United States Senator Cynthia Lummis suggests the crypto industry may be celebrating too soon over the US Federal Reserve softening its crypto guidance for banks.

“The Fed withdrawing crypto guidance is just noise, not real progress,” Lummis said in an April 25 X post. Lummis called the Fed’s April 24 announcement — withdrawing its 2022 supervisory letter that had discouraged banks from engaging with crypto and stablecoin activities — “just lip service.”

Lummis is “not fooled”

Lummis, a pro-crypto advocate known for introducing the Bitcoin (BTC) Strategic Reserve Bill in July 2024, pointed out several flaws in the Fed’s announcement, even as Strategy founder Michael Saylor and crypto entrepreneur Anthony Pompliano suggested it was a step forward for banks and crypto.

Source: Anthony Pompliano

She argued that the Fed continues to “illegally flout the law on master accounts” and still relies on reputational risk in its bank supervision practices.

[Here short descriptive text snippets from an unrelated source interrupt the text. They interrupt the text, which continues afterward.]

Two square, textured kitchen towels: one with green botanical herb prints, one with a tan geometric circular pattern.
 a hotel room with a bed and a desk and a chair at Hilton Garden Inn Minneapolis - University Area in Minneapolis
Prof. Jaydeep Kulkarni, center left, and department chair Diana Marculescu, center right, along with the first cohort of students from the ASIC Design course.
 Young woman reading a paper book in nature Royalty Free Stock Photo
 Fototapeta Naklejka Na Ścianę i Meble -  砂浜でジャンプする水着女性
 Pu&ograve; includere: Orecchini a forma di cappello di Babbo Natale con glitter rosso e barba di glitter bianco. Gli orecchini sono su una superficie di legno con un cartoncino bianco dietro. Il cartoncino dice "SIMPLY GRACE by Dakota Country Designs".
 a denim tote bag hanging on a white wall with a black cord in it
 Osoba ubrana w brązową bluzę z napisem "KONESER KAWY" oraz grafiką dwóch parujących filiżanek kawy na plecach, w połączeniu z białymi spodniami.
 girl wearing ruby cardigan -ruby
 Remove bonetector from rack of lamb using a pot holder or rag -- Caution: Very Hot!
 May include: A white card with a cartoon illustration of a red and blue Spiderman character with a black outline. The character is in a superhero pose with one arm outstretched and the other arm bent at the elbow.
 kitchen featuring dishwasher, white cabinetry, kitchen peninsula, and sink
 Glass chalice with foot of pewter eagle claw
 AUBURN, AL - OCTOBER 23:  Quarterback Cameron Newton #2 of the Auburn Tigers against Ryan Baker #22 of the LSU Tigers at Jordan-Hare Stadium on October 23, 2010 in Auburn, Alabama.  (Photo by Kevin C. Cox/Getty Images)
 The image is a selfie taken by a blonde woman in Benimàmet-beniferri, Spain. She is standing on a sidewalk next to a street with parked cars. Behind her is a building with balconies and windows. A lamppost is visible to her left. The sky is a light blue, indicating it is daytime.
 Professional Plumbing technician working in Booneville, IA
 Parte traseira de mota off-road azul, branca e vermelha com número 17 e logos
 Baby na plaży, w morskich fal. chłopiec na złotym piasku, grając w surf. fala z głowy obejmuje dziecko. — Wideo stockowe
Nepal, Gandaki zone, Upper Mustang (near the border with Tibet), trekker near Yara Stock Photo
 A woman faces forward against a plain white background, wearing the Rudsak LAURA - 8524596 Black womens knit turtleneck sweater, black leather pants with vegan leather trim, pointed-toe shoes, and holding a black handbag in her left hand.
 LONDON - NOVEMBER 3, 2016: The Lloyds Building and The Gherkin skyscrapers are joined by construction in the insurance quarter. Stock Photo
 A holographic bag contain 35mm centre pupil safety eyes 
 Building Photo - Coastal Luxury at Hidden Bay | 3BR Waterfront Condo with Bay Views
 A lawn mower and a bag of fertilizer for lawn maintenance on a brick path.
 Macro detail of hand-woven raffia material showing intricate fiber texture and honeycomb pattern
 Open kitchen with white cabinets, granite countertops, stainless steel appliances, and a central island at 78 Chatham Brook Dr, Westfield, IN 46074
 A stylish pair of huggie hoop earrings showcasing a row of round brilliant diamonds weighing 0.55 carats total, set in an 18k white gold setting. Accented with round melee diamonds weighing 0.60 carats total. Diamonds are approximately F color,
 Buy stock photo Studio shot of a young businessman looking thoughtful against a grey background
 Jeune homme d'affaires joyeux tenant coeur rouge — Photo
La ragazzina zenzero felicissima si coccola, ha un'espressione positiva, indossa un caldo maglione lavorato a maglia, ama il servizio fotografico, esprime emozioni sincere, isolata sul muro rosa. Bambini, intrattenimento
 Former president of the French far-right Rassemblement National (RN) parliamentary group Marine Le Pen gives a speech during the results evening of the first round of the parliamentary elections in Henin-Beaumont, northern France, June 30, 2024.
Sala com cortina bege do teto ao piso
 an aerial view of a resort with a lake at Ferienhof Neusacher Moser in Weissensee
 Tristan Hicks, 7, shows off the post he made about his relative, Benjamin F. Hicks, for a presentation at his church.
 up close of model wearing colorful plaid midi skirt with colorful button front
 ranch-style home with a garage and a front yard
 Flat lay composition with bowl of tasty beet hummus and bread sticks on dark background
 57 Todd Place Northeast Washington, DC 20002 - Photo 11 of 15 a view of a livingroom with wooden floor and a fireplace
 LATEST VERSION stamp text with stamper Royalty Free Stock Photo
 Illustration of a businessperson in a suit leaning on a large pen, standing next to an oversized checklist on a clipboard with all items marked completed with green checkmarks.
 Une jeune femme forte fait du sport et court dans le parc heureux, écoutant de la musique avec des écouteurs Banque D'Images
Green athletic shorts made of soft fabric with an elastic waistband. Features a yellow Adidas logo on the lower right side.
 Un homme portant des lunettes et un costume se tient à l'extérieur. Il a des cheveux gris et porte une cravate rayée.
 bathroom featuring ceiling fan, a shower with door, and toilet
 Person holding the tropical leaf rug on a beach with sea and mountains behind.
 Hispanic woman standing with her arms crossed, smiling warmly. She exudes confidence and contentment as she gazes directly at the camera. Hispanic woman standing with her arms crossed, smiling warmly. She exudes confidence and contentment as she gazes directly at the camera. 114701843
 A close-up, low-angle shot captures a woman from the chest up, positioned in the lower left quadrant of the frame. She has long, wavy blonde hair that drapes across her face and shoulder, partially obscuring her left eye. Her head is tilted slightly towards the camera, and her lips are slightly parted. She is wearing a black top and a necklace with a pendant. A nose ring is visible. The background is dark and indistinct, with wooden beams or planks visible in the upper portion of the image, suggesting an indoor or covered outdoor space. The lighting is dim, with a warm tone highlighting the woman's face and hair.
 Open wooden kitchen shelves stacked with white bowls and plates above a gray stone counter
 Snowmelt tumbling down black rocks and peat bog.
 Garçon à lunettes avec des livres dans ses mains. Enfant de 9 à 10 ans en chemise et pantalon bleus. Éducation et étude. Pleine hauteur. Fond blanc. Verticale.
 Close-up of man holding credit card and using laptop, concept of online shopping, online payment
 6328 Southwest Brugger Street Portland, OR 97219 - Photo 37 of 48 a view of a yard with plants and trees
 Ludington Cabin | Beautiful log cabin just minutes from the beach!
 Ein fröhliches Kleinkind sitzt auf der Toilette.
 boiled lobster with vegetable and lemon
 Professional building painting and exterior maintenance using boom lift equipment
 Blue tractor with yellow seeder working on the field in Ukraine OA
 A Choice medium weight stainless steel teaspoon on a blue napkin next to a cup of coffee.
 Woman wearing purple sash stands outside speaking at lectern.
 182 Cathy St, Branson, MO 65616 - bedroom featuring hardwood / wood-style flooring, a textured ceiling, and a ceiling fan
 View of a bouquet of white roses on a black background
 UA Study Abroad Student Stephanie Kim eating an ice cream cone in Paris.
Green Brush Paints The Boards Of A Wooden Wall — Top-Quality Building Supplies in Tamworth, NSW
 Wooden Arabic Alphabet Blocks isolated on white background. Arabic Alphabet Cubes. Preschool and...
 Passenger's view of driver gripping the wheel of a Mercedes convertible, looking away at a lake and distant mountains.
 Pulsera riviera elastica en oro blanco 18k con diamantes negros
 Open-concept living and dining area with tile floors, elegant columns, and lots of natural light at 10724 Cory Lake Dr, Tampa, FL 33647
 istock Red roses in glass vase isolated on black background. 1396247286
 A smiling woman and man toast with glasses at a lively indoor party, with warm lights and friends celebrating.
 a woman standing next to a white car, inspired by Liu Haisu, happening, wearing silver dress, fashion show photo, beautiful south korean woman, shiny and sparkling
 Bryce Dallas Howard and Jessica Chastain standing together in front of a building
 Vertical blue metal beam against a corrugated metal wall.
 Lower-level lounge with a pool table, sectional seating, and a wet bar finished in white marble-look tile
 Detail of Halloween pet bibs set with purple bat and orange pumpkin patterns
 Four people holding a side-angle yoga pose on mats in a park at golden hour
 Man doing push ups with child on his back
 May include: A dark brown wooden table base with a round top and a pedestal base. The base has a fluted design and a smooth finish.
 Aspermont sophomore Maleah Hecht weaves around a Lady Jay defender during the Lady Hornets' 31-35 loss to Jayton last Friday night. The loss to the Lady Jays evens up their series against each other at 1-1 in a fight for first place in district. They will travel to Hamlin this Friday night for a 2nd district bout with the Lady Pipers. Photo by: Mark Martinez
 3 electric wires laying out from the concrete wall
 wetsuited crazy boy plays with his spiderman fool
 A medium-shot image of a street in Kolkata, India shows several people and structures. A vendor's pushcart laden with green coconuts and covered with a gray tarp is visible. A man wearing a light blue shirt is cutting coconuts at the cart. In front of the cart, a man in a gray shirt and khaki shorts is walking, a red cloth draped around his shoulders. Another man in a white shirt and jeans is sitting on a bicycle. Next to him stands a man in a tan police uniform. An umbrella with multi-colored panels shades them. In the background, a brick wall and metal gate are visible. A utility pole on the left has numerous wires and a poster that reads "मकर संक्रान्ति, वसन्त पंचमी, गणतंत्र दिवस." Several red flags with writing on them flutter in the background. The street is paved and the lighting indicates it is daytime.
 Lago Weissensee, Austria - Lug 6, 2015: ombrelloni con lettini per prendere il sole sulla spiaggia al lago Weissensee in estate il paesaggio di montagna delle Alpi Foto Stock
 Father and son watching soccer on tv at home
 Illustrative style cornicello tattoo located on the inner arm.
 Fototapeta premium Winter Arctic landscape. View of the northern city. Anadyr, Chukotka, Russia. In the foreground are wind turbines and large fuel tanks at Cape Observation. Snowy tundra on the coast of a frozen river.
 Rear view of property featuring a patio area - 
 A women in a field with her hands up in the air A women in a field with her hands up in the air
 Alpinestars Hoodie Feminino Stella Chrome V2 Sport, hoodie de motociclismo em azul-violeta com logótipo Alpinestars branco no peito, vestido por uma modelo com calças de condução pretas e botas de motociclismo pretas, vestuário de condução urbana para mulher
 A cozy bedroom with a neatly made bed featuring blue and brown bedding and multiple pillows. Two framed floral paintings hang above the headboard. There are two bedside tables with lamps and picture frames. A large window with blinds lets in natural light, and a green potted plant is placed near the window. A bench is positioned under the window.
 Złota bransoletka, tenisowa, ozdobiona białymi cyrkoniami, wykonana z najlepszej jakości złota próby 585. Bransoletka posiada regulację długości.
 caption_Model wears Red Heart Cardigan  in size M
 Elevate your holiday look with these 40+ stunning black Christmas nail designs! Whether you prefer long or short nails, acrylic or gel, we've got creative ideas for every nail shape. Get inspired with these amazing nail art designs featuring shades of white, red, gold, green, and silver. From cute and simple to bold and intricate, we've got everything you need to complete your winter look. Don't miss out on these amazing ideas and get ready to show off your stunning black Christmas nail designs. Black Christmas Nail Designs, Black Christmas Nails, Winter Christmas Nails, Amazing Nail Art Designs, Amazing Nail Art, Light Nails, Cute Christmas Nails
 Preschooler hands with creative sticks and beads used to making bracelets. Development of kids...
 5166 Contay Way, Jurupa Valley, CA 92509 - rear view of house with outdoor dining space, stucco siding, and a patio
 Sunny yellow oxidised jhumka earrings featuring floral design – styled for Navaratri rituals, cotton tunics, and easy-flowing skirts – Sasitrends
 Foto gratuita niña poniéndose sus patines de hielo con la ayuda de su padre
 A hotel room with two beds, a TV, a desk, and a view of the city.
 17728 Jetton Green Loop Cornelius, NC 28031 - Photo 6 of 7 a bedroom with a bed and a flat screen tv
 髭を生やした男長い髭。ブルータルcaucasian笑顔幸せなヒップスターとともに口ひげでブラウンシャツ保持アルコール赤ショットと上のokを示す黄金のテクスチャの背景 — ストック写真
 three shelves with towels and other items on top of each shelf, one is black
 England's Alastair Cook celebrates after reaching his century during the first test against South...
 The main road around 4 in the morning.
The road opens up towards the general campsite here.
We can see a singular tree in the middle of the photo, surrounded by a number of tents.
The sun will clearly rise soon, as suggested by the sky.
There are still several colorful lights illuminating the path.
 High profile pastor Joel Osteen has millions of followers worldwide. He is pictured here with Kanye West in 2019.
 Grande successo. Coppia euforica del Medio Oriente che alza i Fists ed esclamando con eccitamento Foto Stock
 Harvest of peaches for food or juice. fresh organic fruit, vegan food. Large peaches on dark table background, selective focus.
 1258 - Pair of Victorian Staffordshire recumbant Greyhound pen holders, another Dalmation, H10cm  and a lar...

It comes as the Federal Insurance Deposit Corporation (FDIC) is working on a rule to stop examiners from considering reputational risk when reviewing a bank’s operations, according to a recent Bloomberg report.

Lummis also highlighted the Fed’s policy statement in Section 9(13), which hasn’t been withdrawn, stating that Bitcoin and digital assets are considered “unsafe and unsound.”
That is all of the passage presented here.